Nos primeiros meses deste novo mandato, Silvio Humberto reforça ao Portal Black Mídia que suas prioridades seguem as mesmas: educação pública de qualidade, geração de renda digna, igualdade racial e sustentabilidade. Assim, Silvio destaca que isso passa por garantir melhores oportunidades para a juventude negra, ampliar o acesso a uma educação pública de qualidade, com creches, além de promover geração de trabalho e renda digna.

“E a questão da sustentabilidade é crucial para essa cidade, sob pena de não termos horizonte. O grande problema da cidade de Salvador é: a gente não consegue perceber qual é a perspectiva dessa cidade. A cidade vai para onde?”, Silvio provoca.

“É uma cidade que tem tudo para ser uma cidade rica, gerar riqueza, mas é uma riqueza extremamente concentrada, portanto, não é uma cidade próspera. Uma pergunta que não quer calar: como tornar Salvador uma cidade próspera?”, completa.

E seguindo esse princípio, em maio deste ano, Silvio Humberto acrescentou mais um capítulo à sua trajetória de educador e intelectual. No dia 8, lançou o livro “Um retrato fiel da Bahia: sociedade, racismo e economia”, resultado de sua tese de doutorado defendida na Unicamp em 2004. A obra analisa como o racismo estruturou as relações de trabalho no período pós-abolição e moldou as dinâmicas sociais e econômicas da Bahia até os dias atuais.

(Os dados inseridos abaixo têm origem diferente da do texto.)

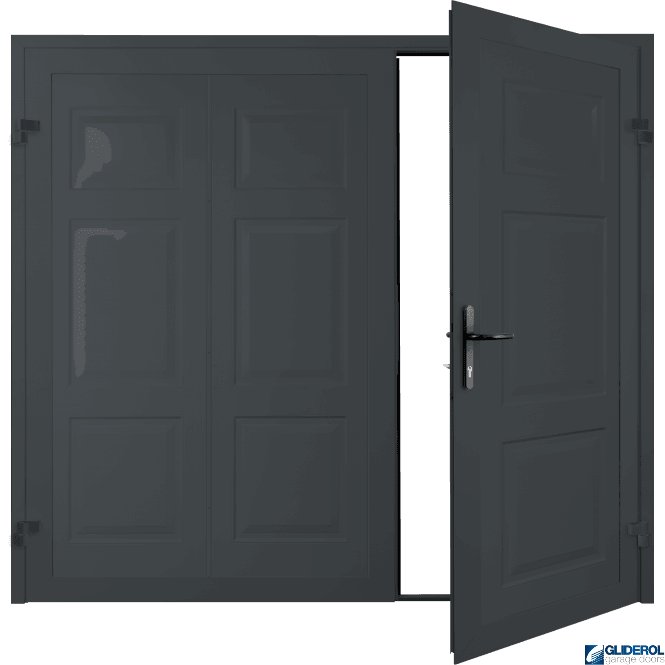 ANTHRACITE (RAL7016) Hollington Premium non-insulated Side Hinged Garage Door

O evento, realizado na Biblioteca Central do Estado da Bahia, nos Barris, contou com uma roda de conversa com os professores Rita Dias, Luiz Fernando Saraiva e Walter Fraga Filho, além de uma sessão de autógrafos. Lançado pela Editora Nandyala, com apresentação de Luiz Fernando Saraiva e prefácio de Walter Fraga Filho, o livro trouxe à tona discussões que atravessam a atuação política e acadêmica de Silvio.

Entre os capítulos, destacou-se “Negros em Movimento”, onde valorizou as estratégias de resistência e sobrevivência da população negra após a escravidão, assim como o ensaio sobre o que chamou de “Carnaval-candomblé”, fenômeno que articula religiosidade, identidade negra e cultura popular. 

Entre o parlamento, a academia e as ruas, o professor Silvio Humberto continua apostando na política como espaço de diálogo e enfrentamento. “Eu sei que eu estou num campo difícil, mas o que é uma marca do nosso mandato, é a coerência”, resume.